At the typical for-profit company, philanthropy is a side benefit of creating value for shareholders while serving customers.
But at Alpharetta-based Better World Books, the missions of giving back and making money are intertwined.
The privately-held eight-year-old company describes itself as a for-profit social enterprise, and executives like to talk as much about the contributions the firm makes to literary initiatives around the world as they do about earnings.
Lately, there have been plenty of both. Revenues for the fiscal year ended June 30 hit $55 million, up from $20 million in 2008, and the company has turned a profit the last two years, executives said.
Better World also announced recently that it topped $10 million raised for literacy worldwide, including $5.5 million for 80 literacy and education non-profits and $4.5 million for libraries nationwide.

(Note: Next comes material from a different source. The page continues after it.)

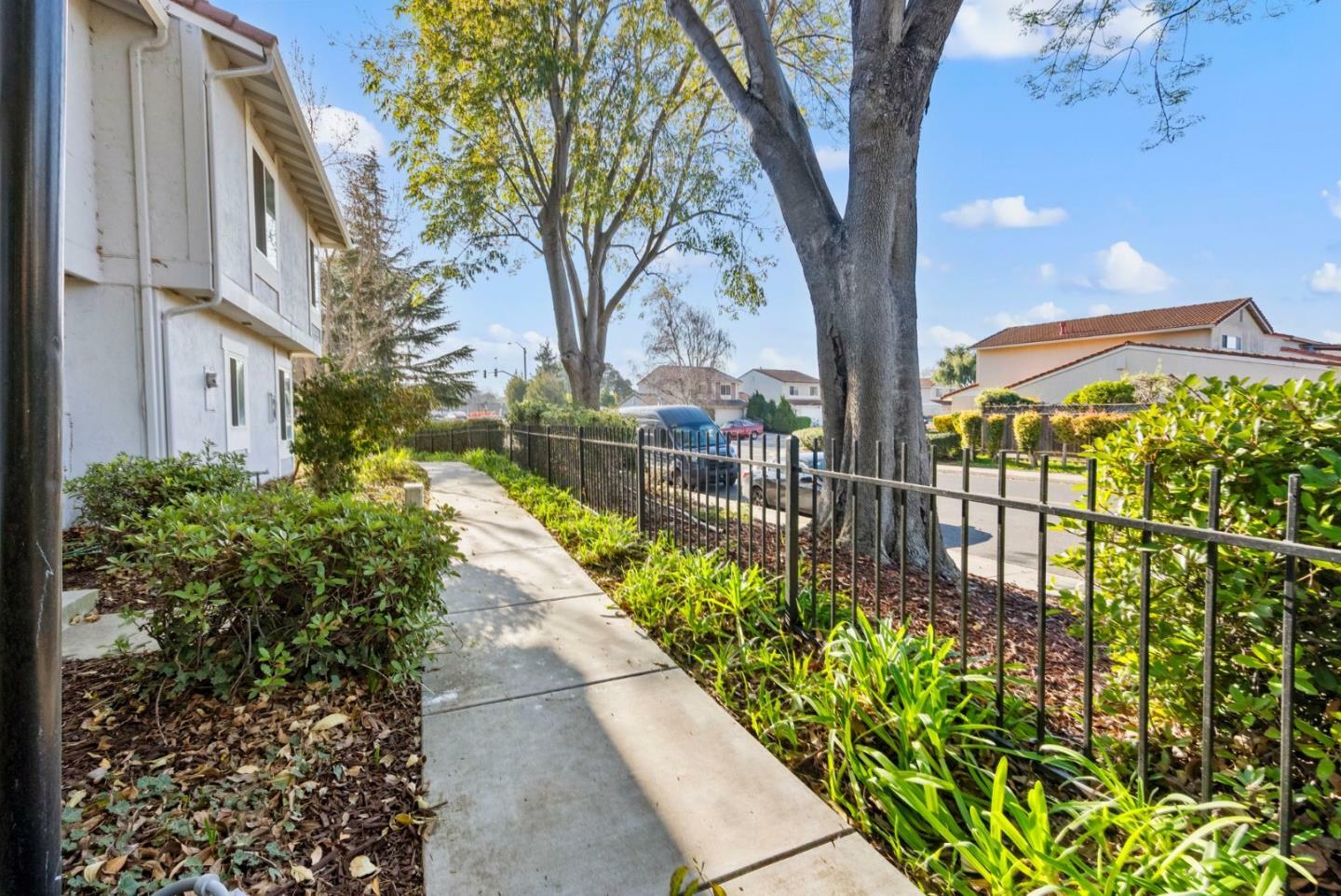 Property Photo:  4926 Lowry Road  CA 94587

The money comes from online sales of used books collected at college campus book drives, from libraries and from thrift stores. Executives say Better World gives about 7 percent of its net revenue to its literacy partners.
In addition, it has donated 5 million books that couldn't be sold to non-profits such as Feed the Children and Books for Africa. The rest are recycled.
New chief executive Andrew Perlmutter calls the company's business model, "using capitalism as the tool to do all this good. The more successful we are as a business," he adds, "the more good we can do."
Perlmutter's job now is to grow a business that was founded by a group of Notre Dame graduates as part of a school business competition.
The founders, two of whom are still with the company, recognized the value of used textbooks in the resale market. They also saw a social and environmental benefit to the business: they could use some of the revenue to help promote literacy while also keeping millions of books from the scrap heap.
Although the company was started in Indiana, its headquarters was moved to metro Atlanta where David Murphy, the company's first CEO, lives.
The advancement of the Internet and the launch of BetterWorldBooks.com have boosted brand recognition and sales.
Over time, the company has added staff (it now employs 400, including 45 in Alpharetta), increased its warehouse capacity (it has a 250,000 square foot building in Indiana), and expanded its ways of selling and acquiring books. It now takes donated books at drop boxes as well as from its traditional sources.
Vice president of marketing John Ujda calls Better World "a pretty sophisticated logistics and analytics company."
It has to be. Better World expects to take in 35 million books of all kinds this year, and estimates it will sell about 30 percent of them. It offers about 8 million titles online and also sells through Amazon and other third-party sites.
Pat Plonski, executive director of Books for Africa in St. Paul, Minn., said his organization has received $2.3 million from Better World since 2003, in addition to 1.5 million books which have been shipped to 24 countries.
"They're a for-profit entity," Plonski said, "but they're operating in a philanthropic manner. "
Better World is registered as a B corporation, a new and still not widely used designation for a business that has its service mission spelled out in its articles of incorporation.
B Lab, a non-profit organization that certifies that B companies are operating according to the classification's standards, said Better World is one of the most active businesses of its type.
New CEO Perlmutter, a veteran entrepreneur and corporate executive vows to scale the business.
"We have a model that works extremely well," he said. "We have to leverage it so we can do more and more good."